→ Activity: From the first line of the data below through the line bearing "It offers a", reproduce each line exactly; do not include pictures.

→ Stored data:
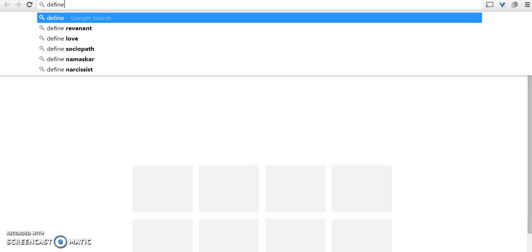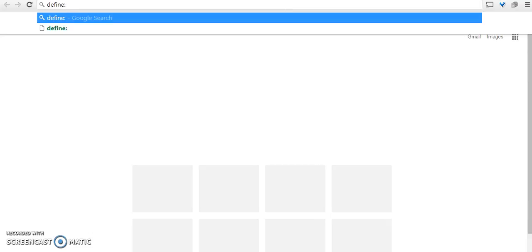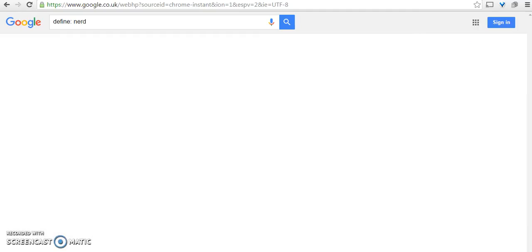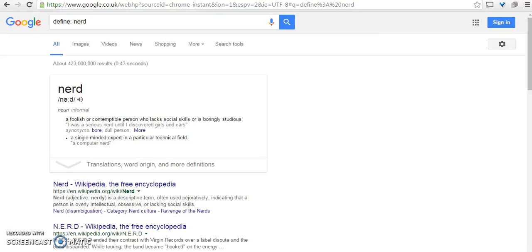Say I want to define 'nerd,' 'geek,' or whatever. I'll start in the search bar, write 'define:' followed by the word I'm looking for, and hit return. It gives me a definition, pronunciation, translation, synonyms, etc. Great — isn't it? Easy peasy!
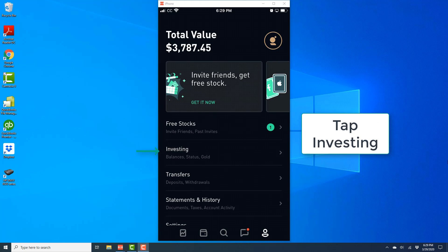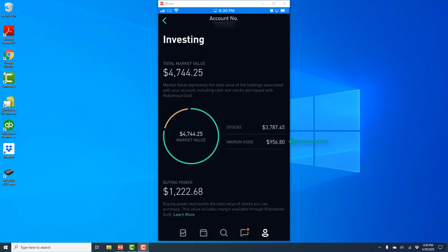And on the screen, tap on investing. And you should be able to see the margin used on the screen. Alright, so that's how you check the margin used in the Robinhood app on your iPhone.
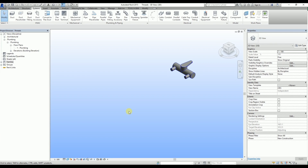Hi, in this tutorial video I will show you how to work with threaded connections in Revit. I will use Wavin's hot and cold system Tigris as an example.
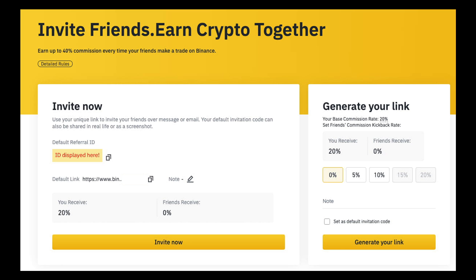It offers a sense of community within the cryptocurrency space because users may want to participate in the referral program to support the growth of their favorite projects or communities. After doing so, all I have to do is click on 'Generate your link' and click on 'Invite now.'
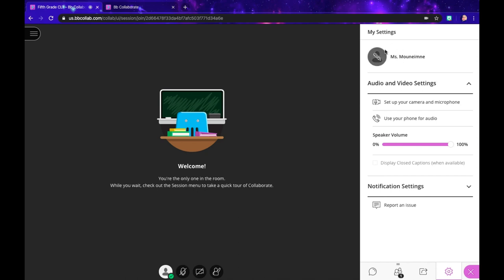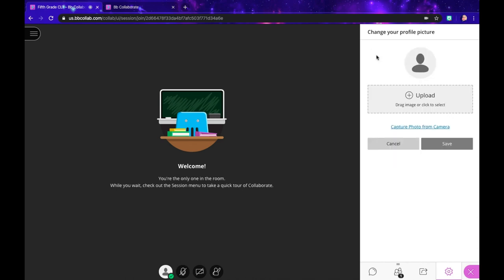You've got two options here for your profile picture: you can capture a picture using the camera on your computer, or you can upload an image or picture from your computer. If I click upload...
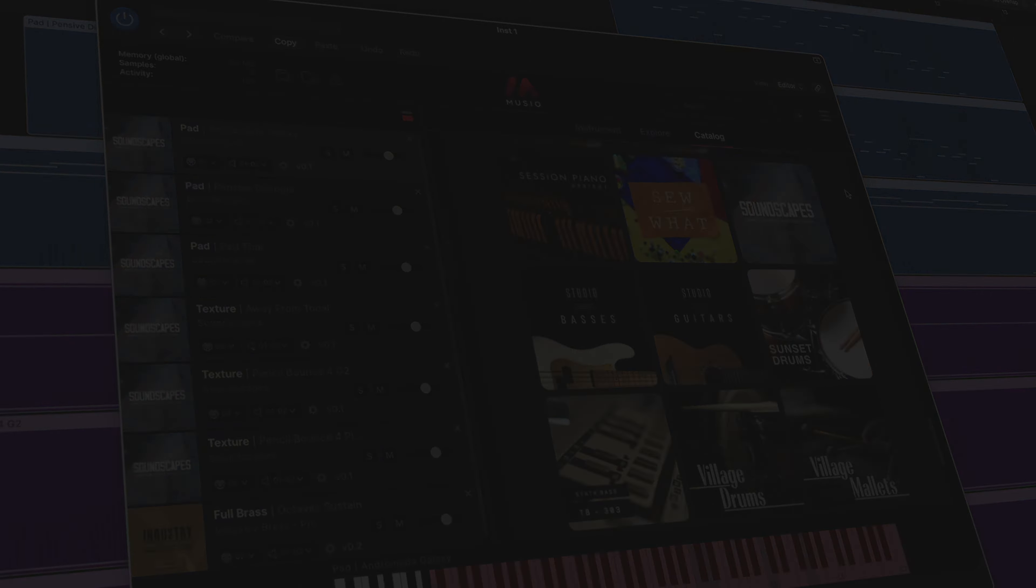Museo really is the ultimate destination for composers looking for a comprehensive and user-intuitive platform. Not only can you give Museo a free test drive, but you can also try Soundscapes for yourself along with an entire catalog of over 1,200 instruments. Make sure you head over to musio.com to learn more.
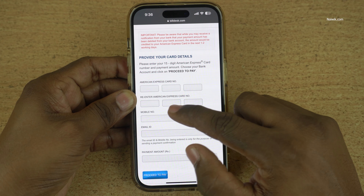Now you need to scroll down and click on 'I Agree'. Now you need to enter your American Express card details such as the 15-digit American Express card number. You need to enter the card number twice, and after that you need to enter your registered mobile number, email ID, and the total amount which you need to pay.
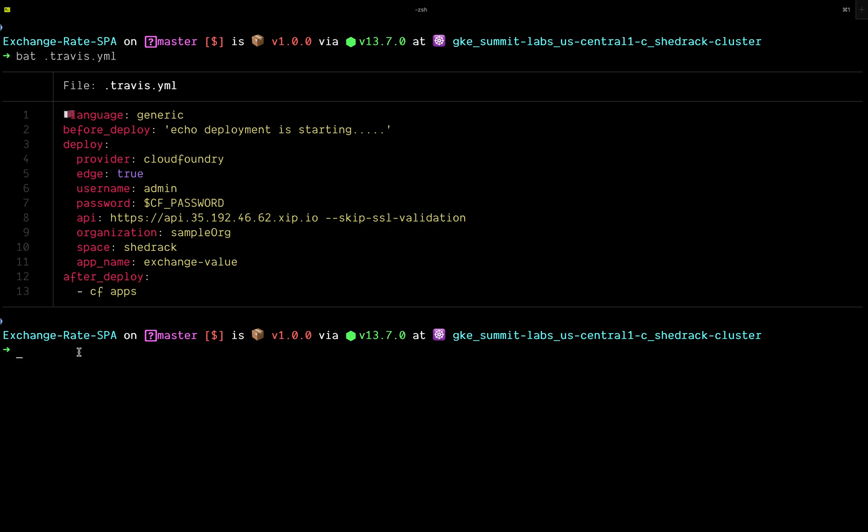This is everything you need to add Cloud Foundry deployments to your entire pipeline. So how do we know if this actually works? We can do that by making a very simple change to our codebase, pushing to our GitHub repo, and seeing if this change will be picked up and trigger a build in Travis.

→ Response area:
Say I want to define 'nerd,' 'geek,' or whatever. I'll start in the search bar, write 'define:' followed by the word I'm looking for, and hit return. It gives me a definition, pronunciation, translation, synonyms, etc. Great — isn't it? Easy peasy!
And on the screen, tap on investing. And you should be able to see the margin used on the screen. Alright, so that's how you check the margin used in the Robinhood app on your iPhone.
Hi, in this tutorial video I will show you how to work with threaded connections in Revit. I will use Wavin's hot and cold system Tigris as an example.
It offers a sense of community within the cryptocurrency space because users may want to participate in the referral program to support the growth of their favorite projects or communities. After doing so, all I have to do is click on 'Generate your link' and click on 'Invite now.'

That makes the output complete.